For the most optimistic, it is possible to interpret this as a sign that the current administration is becoming more willing, or eager, to curb at least the worst excesses associated with companies who employ the technology.
This optimism would be justified not only by measures taken against Chespeake either. The EPA’s Dec. 19 decision came on the same day that the Pennsylvania State Supreme-Court struck down major provisions of the ominously titled “Act 13”. Four of the state’s six Justices wrote that“several challenged provisions of Act 13 are unconstitutional".
Chief Justice Castille was even less equivocal: “"By any responsible account, the exploitation of the Marcellus Shale Formation will produce a detrimental effect on the environment, on the people, their children, and the future generations, and potentially on the public purse, perhaps rivaling the environmental effects of coal extraction."
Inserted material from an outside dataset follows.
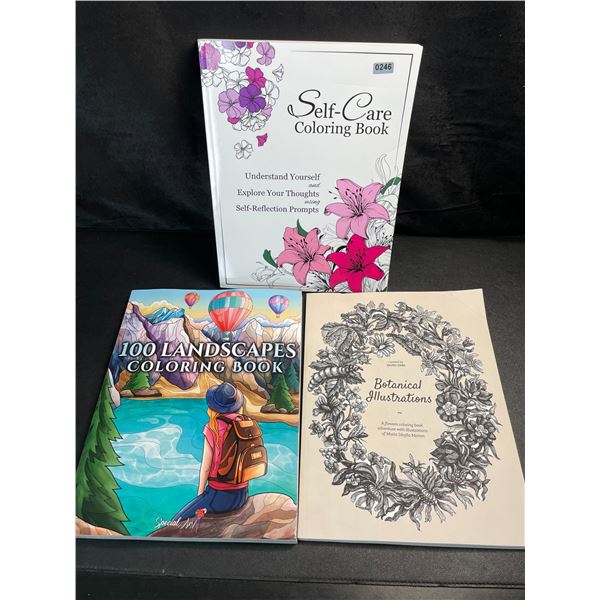 3 Assorted Adult Coloring Books - Self-Care, Botanical Illustrations, & Landscapes - Brand New!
Unsurprisingly, the fracking community has been seeking uniform, nationwide land-use rules similar to those in place thanks to Pennsylvania’s Act 13. And while late-year decisions regarding Chesapeake and the State of Pennsylvania may not have any appreciable effect in the short or even near-terms, and could very well peter out under the weight of industry lobbying as well as more enthusiasm for the so-called “energy revolution”, they are at the very least an indication that opposition to fracking is coming from below, and is pushing up against the threshold at which those above begin paying close attention.